Step 3: Use the reference angle, which is $\pi – \frac{5\pi}{6} = \frac{\pi}{6}$.

Step 4: Recall the sine and cosine values for $\frac{\pi}{6}$: $\sin \frac{\pi}{6} = \frac{1}{2}$ and $\cos \frac{\pi}{6} = \frac{\sqrt{3}}{2}$.

Step 5: Apply the signs for the second quadrant: $\cos \frac{5\pi}{6} = -\cos \frac{\pi}{6} = -\frac{\sqrt{3}}{2}$ and $\sin \frac{5\pi}{6} = \sin \frac{\pi}{6} = \frac{1}{2}$.

Thus, the coordinates are $\left(-\frac{\sqrt{3}}{2}, \frac{1}{2}\right)$.

Find the value of cosecant for a given angle on the unit circle

Given that the angle \(\theta\) is \(\frac{5\pi}{6}\), find the value of \(csc(\theta)\) using the unit circle.

Step 1: First, locate the angle \(\frac{5\pi}{6}\) on the unit circle. This angle is in the second quadrant.

Step 2: The reference angle for \(\frac{5\pi}{6}\) is \(\frac{\pi}{6}\).

Step 3: The sine of \(\frac{5\pi}{6}\) is equal to the sine of \(\frac{\pi}{6}\) because they share the same reference angle.

Step 4: Thus, \(\sin(\frac{5\pi}{6}) = \sin(\frac{\pi}{6}) = \frac{1}{2}\).

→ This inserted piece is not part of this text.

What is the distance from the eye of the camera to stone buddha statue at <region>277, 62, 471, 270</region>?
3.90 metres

Step 5: The cosecant function is the reciprocal of the sine function. Therefore, \(\csc(\frac{5\pi}{6}) = \frac{1}{\sin(\frac{5\pi}{6})} = \frac{1}{\frac{1}{2}} = 2\).

Find the cosecant of an angle in the unit circle

To find the $\csc(\theta)$ of an angle $\theta$ in the unit circle, first determine the sine of the angle. The cosecant is the reciprocal of the sine.

For example, consider $\theta = \frac{\pi}{6}$.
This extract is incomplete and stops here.